#### TASK PROMPT
Images are not part of the copy; transcribe all the data exactly.

DATA EXCERPTS START

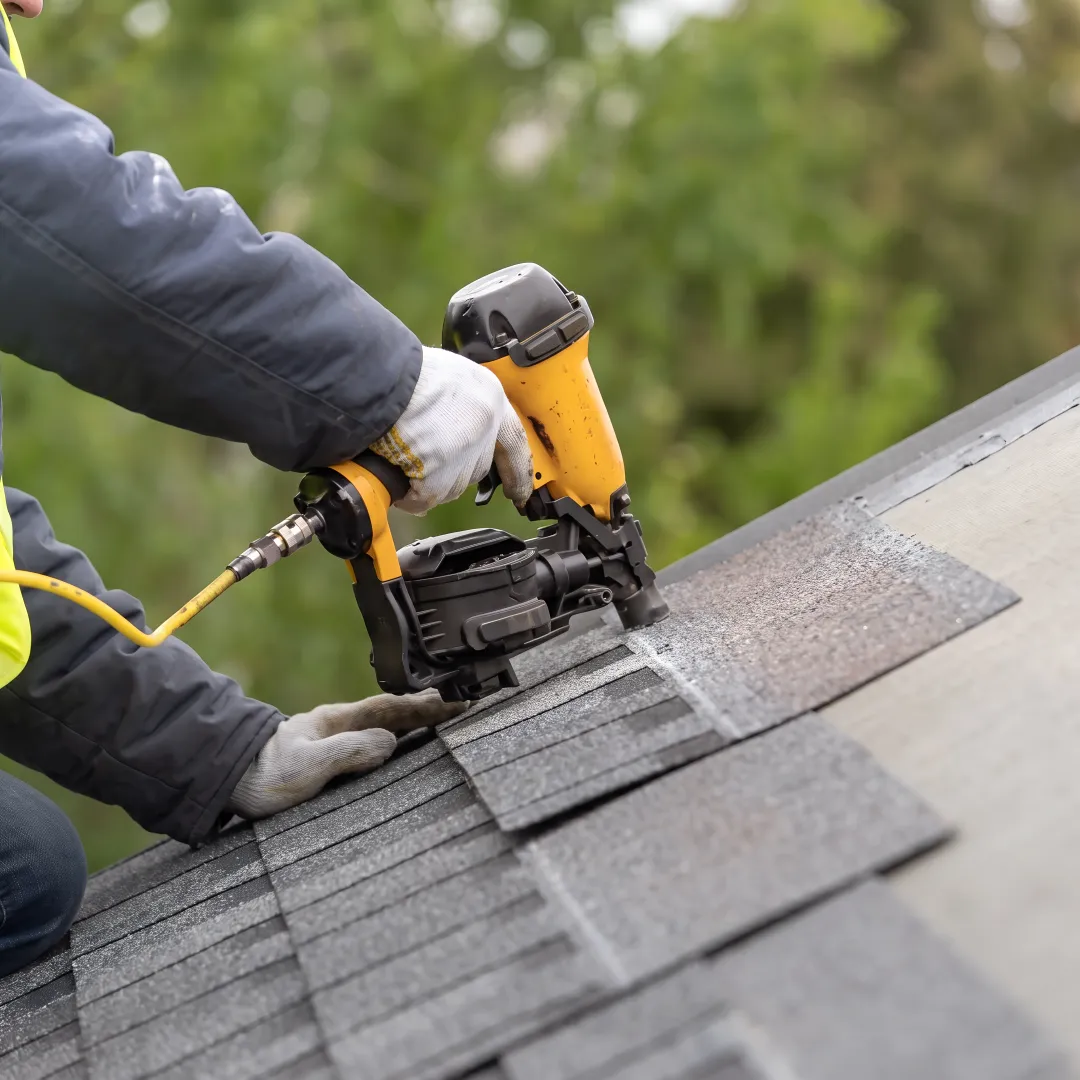 Installer restoring a residential shingle roof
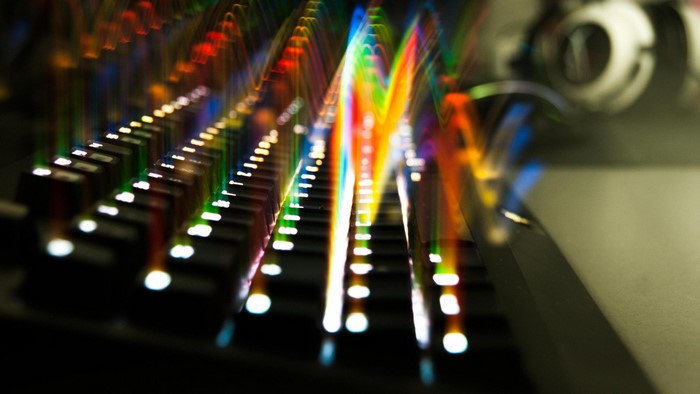 Keyboard with colorful light streaks and headphones
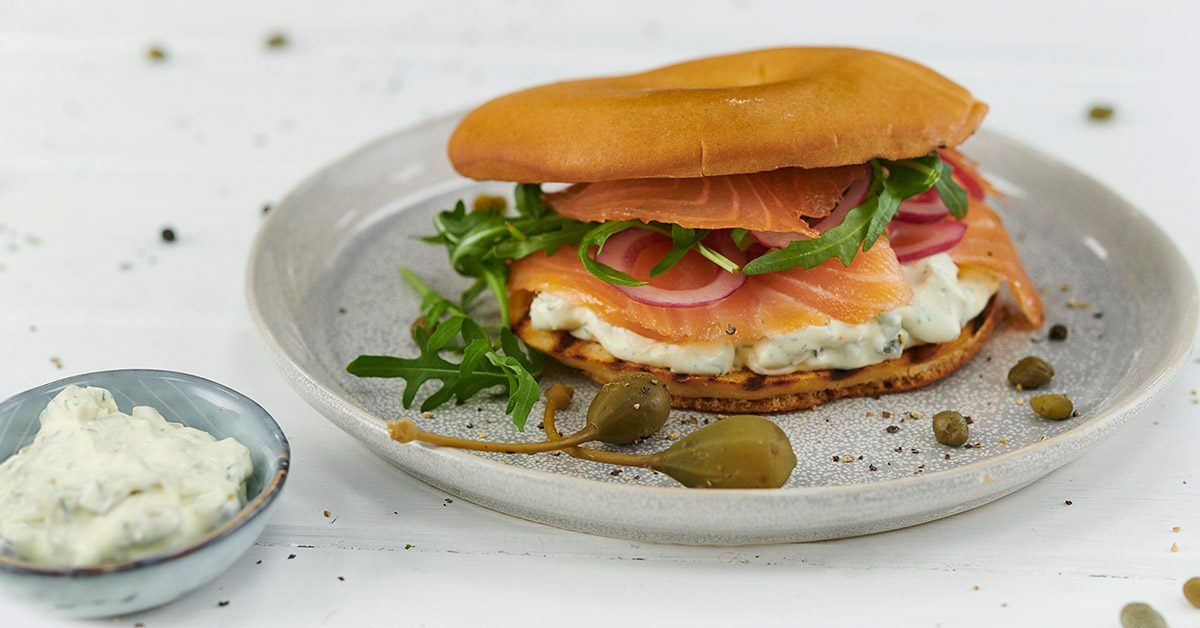 Bagel con salmone affumicato, rucola, cipolla rossa e crema al formaggio su piatto.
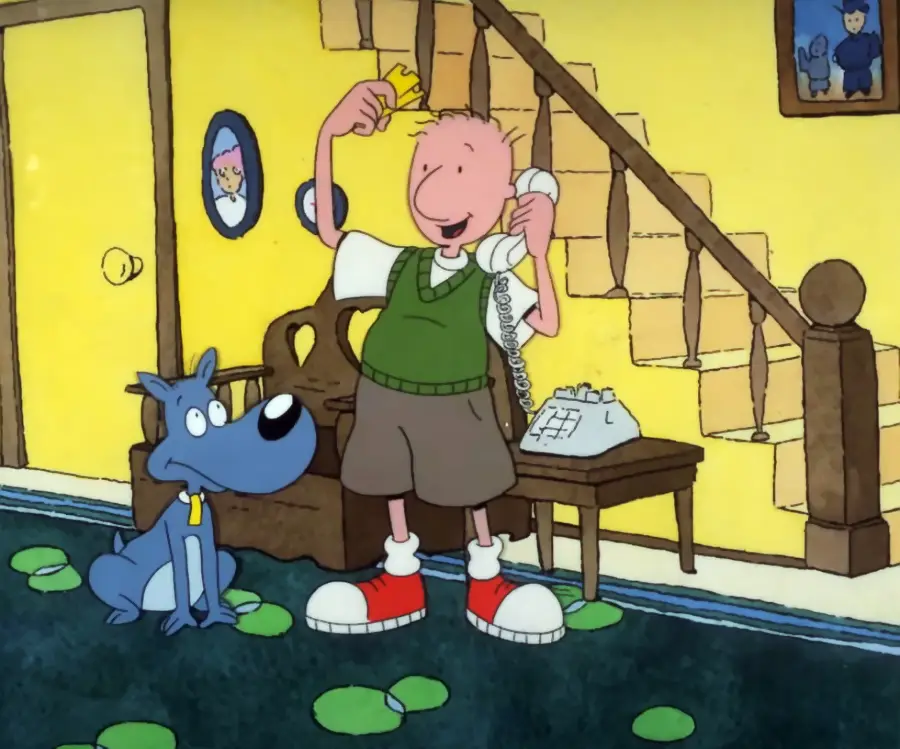 A cartoon boy stands by a staircase, smiling while talking on a corded phone and holding a piece of paper. A blue dog sits next to him on a rug with green spots in a cozy, yellow living room.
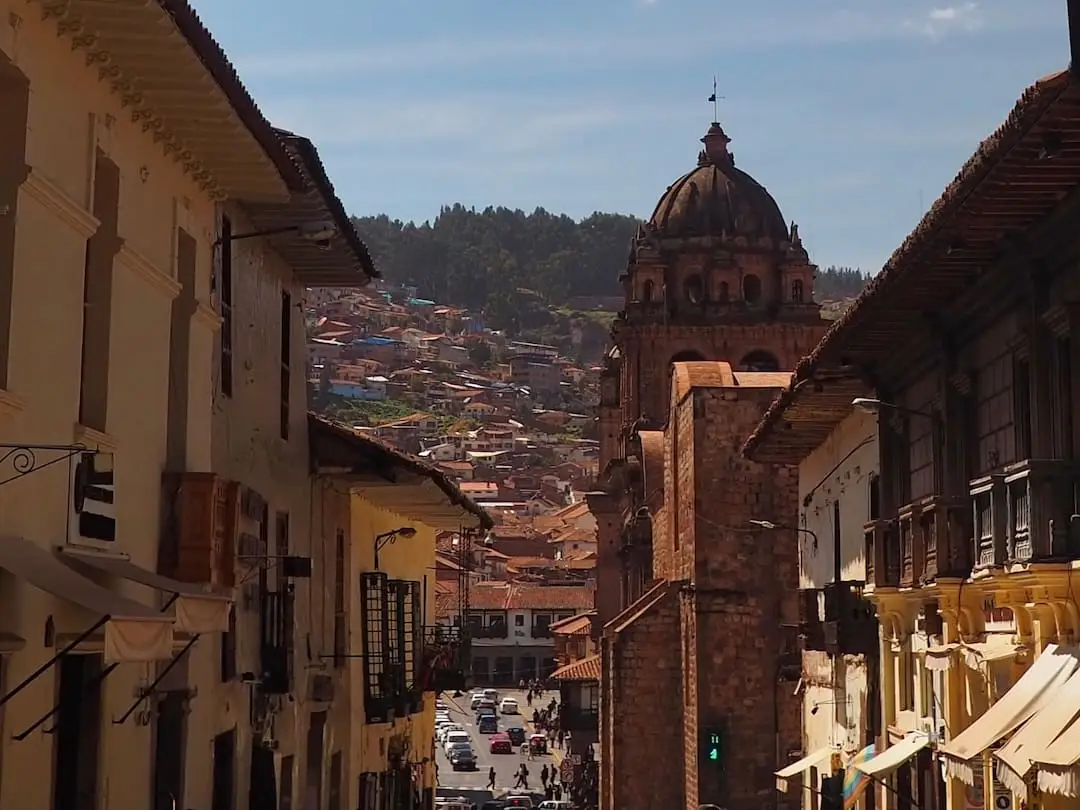 A narrow shopping street with a church on the right and red roofed houses in the background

DATA EXCERPTS END

#### FINISHED TASK
 Installer restoring a residential shingle roof
 Keyboard with colorful light streaks and headphones
 Bagel con salmone affumicato, rucola, cipolla rossa e crema al formaggio su piatto.
 A cartoon boy stands by a staircase, smiling while talking on a corded phone and holding a piece of paper. A blue dog sits next to him on a rug with green spots in a cozy, yellow living room.
 A narrow shopping street with a church on the right and red roofed houses in the background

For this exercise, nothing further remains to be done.